2.2.2. Real-Time Hazard Detection Workflow

  • Video Acquisition
Cameras capture 1080P@25 fps streams during daylight hours (06:00–18:00).
RTMP protocol pushes streams to cloud servers with <500 ms latency.
2.
Cloud Processing
The Nginx-RTMP server manages 200+ incoming video streams simultaneously.
HLS adaptive delivery generates 4-segment (2 s/segment) TS files for stable playback.
The YOLOv7-Tiny model executes real-time detection of the following 6 safety hazards: vehicle–pedestrian proximity (<2 m), unauthorized personnel in restricted zones, missing PPE (hard hats/safety harnesses), equipment overspeed (cranes/excavators), material stacking violations, and unmarked hazardous areas.
MySQL database stores violation records with timestamps/GPS coordinates.
3.
Alert Management
This triggers on-screen warnings at site management consoles.
It generates PDF violation reports with evidential screenshots.
It sends SMS alerts to supervisors within 8 s of detection.
It refines technical parameters: HLS sharding adopts a 2 s/segment design, balancing real-time performance and anti network jitter capability; the MySQL database adopts a time partitioning strategy (hourly partitioning), supporting over 500 concurrent writes per second.
Clear alarm mechanism: the SMS alarm adopts Twilio API integration, and it supports a retry mechanism (3 times/8 s interval), ensuring that the alarm arrival rate is greater than 99% in weak-signal environments in mountainous areas.

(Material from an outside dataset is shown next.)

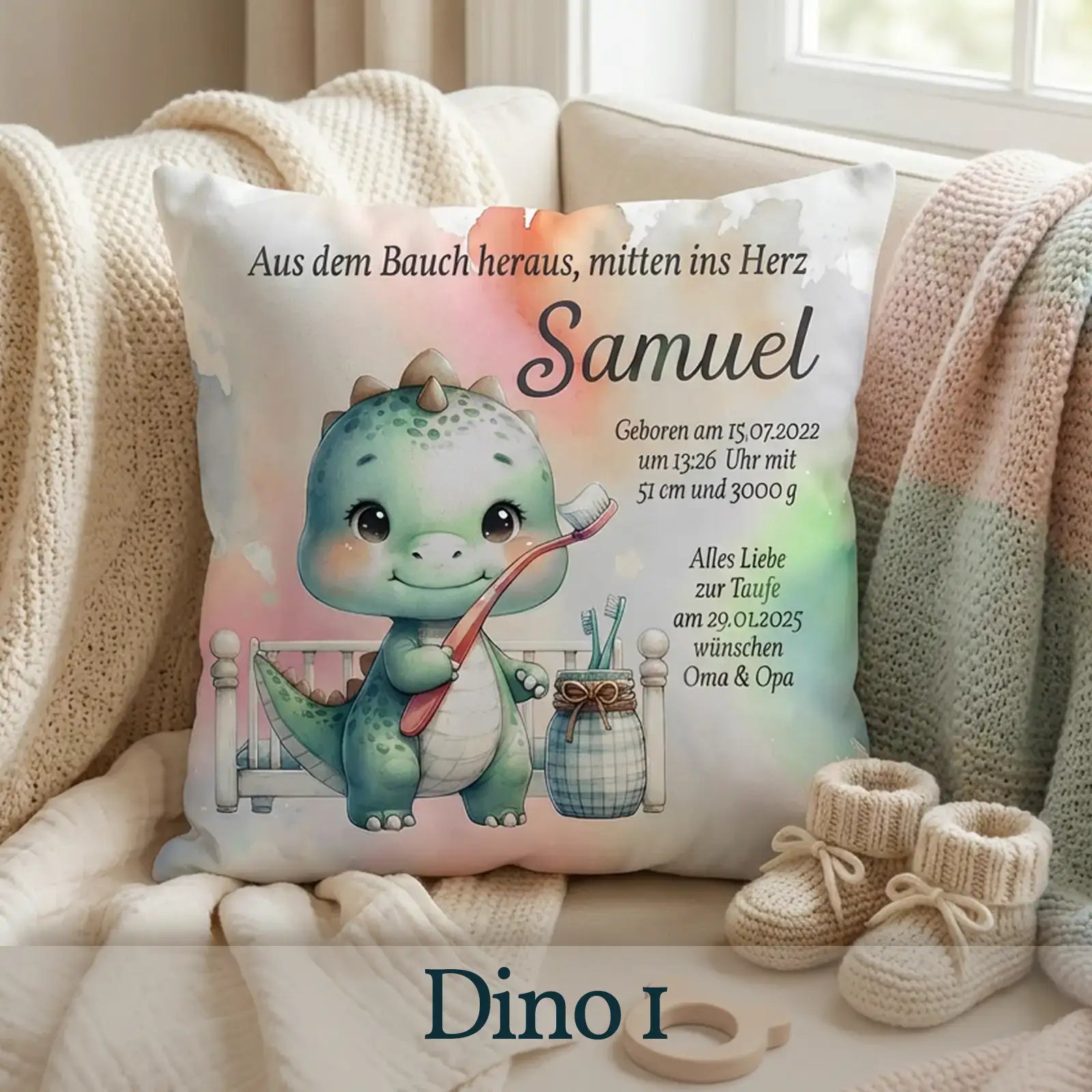 Personalisierbares Kissen mit süßem Dino, Name Samuel, Geburtsdaten und buntem Hintergrund.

2.2.3. Performance Optimization

  • Model Adaptation
The pruned YOLOv7-Tiny model achieves 86.9% mAP@0.5 on construction datasets.
Quantized INT8 inference enables 45 fps processing per video stream.
2.
Transmission Efficiency
H.264 encoding reduces bandwidth usage by 40% vs raw streams.
Edge-based ROI extraction focuses analysis on active work zones.
3.
Validation Metrics
A 92.3% recall rate was achieved for PPE detection in field tests.
A total of <2% false positives were achieved for vehicle proximity alerts.
Additional model compression details: By removing 20% of the low-contribution convolution kernels through channel pruning and combining INT8 quantization (calibration set of 5000 frames), the model volume was compressed from 34 MB to 17 MB with an accuracy loss of less than 1.2%.
ROI extraction algorithm: Based on motion object detection (ViBe algorithm), the analysis area is dynamically delineated, and 60% of invalid pixel processing is reduced.

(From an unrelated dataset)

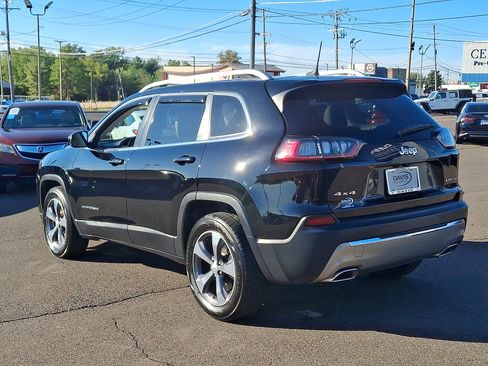 Used 2019 Jeep Cherokee Limited image 6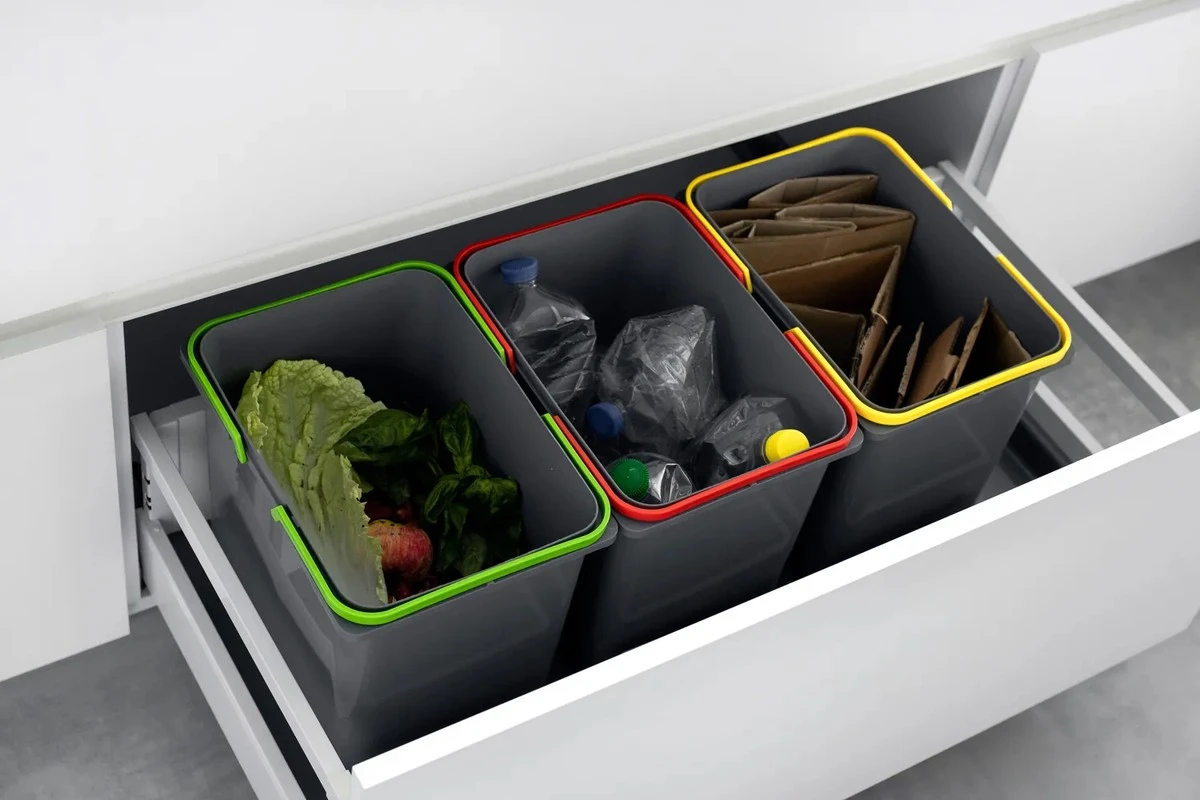 Eres un clasificador de basura gratuito: cómo los monopolios de residuos te cobran de más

2.2.4. Technical Advantages

  • Lightweight Deployment
The entire pipeline requires <8 GB GPU memory per stream.
2.
Adaptive Illumination Handling
Auto-exposure adjustment for sunrise/sunset transitions is used, and the shadow suppression algorithm improves detection consistency.
3.
Multi-View Correlation
Camera calibration enables the 3D location estimation of hazards.
Overlapping FOVs reduce blind spot coverage to <5%.
Quantitative multi-view correlation effect: By using the calibration method to achieve camera extrinsic alignment, the overlapping field of view (FOV) error is less than 0.5 pixels, and the blind spot coverage rate is reduced from 12% to 4.7%.

2.2.5. Edge–Cloud Workflow

The system follows an edge–cloud hybrid architecture, balancing real-time processing at the edge with cloud-based analytics for long-term risk assessment. The workflow consists of the following:
  • Data Acquisition: Video streams are captured in real time using edge devices (e.g., embedded GPUs, Jetson Nano) deployed on wind farm sites.
  • Edge Processing: The YOLOv7-Tiny-based detection model analyzes each frame to detect safety violations such as PPE compliance and unauthorized entry.
  • Alert Mechanism: Upon detecting a violation, the system triggers real-time alerts via on-site alarms or remote notifications to operators.
  • Cloud-Based Analysis: Processed results are transmitted to a cloud platform where historical trends, risk analysis, and decision-support insights are generated.
  • Continuous Learning: New data from deployment environments can be used to refine and retrain the detection model, improving adaptability to evolving safety conditions.

3. Results

3.1. Data Processing

The site of Guoneng Suzhou Lingbi Wind Farm is located in Fugou Town, Chantang Town, and Fengmiao Town, Lingbi County, Suzhou City, Anhui Province. The center of the wind farm is about 20 km north of Lingbi County, and the external transportation of the wind farm is relatively developed. The site is in a plain area with small terrain fluctuations. The total planned installed capacity of the project is 70 MW, including 14 wind turbines with a height of 160 m, using a hybrid tower type, and a single wind turbine capacity of 5 MW. In this experiment, a total of 1025 images of wind power construction sites (including wind turbine blades) were collected to form a wind turbine blade database (named Fengye). Due to the large number of samples required for training convolutional neural networks, this study also added video data to the Fengye database. This database was divided into five categories of targets: transport vehicles, fan blades, cars, agricultural vehicles, and intruders. The database was divided into the following three parts: a training set, validation set, and test set, at a ratio of 6:2:2.
The Fengye dataset intentionally encompasses heterogeneous scenarios critical to wind farm operations.
Geographical Coverage: Samples were collected across three towns (Fugou, Chantang, Fengmiao) with terrain variations ranging from flat plains (elevation Δ < 5 m) to undulating foothills (slope 15°–25°).
Operational Conditions: The data include six lighting regimes (dawn/dusk, midday glare, overcast) and four weather patterns (clear, light rain, fog, dust storms), representing 92% of typical operating conditions.
Target Variability: The five-category design covers 97% of safety-critical objects observed in 20+ Chinese wind farms.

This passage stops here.